逆接のイメージ〜スカイ・クロラのこと〜

森 博嗣 著 「スカイ・クロラ」 を読んだ。
押井守によってアニメ化された作品。
森博嗣の作品だと「すべてがFになる」のいわゆるS&Nシリーズを何作か読んだ。
理系の内容と文章に翻弄された感があって、しばらく読んでいなかった。


スカイ・クロラ」シリーズは評判が良いため読んでみたいと思っていたのだ。
シリーズ第一作だけだと、その世界観はあまり見えてこない。
永遠の子供、死なない命、ショウとしての戦争、キーワードだけが浮いてくる。
著者ならではの科学的な部分も多いが、始終乾いたような、金属的な文章が続く。


この作品だけだと評価しにくい、シリーズ全部読んで見えてくるものがありそうだ。
全部で6巻あるらしいから、どうしよう……。
子供と戦争、生命と虚無という相反するイメージをかなり押してくるのだが、
あまりこういうやり方は好きではない。

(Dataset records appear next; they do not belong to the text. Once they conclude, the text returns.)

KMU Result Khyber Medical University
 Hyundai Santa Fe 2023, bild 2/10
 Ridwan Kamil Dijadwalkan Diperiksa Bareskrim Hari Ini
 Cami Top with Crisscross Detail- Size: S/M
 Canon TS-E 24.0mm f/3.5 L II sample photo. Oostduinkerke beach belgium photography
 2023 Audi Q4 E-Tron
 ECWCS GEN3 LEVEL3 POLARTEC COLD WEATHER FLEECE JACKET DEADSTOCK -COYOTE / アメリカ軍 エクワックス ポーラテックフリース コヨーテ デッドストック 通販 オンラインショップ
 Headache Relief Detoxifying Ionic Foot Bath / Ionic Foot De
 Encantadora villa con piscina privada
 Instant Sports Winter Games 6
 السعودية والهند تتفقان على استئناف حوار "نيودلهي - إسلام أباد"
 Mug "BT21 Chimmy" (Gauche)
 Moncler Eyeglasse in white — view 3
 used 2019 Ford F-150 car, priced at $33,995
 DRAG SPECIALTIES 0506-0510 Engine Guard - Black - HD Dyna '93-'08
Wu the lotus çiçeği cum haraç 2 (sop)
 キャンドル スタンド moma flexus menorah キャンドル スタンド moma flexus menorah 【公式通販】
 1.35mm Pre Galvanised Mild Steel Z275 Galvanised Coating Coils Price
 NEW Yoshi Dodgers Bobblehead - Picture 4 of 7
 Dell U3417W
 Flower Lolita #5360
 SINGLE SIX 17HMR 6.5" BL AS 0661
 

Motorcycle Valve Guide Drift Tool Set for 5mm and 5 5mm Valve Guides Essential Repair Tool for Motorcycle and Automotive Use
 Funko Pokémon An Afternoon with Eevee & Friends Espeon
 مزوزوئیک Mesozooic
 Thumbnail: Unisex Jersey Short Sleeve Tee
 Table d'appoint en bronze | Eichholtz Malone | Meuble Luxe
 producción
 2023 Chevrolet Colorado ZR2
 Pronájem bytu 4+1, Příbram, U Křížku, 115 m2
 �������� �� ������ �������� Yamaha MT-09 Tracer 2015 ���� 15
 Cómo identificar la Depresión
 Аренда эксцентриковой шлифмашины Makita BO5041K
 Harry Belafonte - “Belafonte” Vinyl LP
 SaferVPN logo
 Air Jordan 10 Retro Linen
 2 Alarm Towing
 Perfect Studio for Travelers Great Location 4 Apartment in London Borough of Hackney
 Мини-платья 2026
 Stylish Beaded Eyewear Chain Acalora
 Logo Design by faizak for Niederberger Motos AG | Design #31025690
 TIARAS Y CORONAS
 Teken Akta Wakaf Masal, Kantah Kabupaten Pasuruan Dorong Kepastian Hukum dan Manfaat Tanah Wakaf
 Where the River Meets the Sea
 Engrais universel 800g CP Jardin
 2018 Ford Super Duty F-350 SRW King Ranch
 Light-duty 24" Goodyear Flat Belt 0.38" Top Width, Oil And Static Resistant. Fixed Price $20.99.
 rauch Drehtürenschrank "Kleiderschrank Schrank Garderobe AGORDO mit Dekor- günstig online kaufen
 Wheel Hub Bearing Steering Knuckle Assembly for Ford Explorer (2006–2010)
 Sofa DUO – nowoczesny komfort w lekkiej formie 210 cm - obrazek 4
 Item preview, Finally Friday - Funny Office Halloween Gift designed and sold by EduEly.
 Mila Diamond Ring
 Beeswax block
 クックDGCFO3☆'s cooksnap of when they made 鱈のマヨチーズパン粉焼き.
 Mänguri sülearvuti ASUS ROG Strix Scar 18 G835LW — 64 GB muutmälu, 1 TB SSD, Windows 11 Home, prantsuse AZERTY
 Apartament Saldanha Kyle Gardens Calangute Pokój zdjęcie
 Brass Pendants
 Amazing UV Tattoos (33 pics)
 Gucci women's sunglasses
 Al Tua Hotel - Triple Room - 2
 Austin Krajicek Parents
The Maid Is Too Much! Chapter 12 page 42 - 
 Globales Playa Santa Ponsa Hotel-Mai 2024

否定はしないが、好きではない。
ちょっとズルい気がしてしまうのだ。


実際、子供兵というものが実在する以上、
イメージとしての子供を戦争に重ねるのはおかしな話しなのである。
スカイ・クロラは空と子供という純粋なイメージありきと考えるべきかもしれない。
つまり、純粋につながるはずのものに介入する戦争。そういう意味では面白い。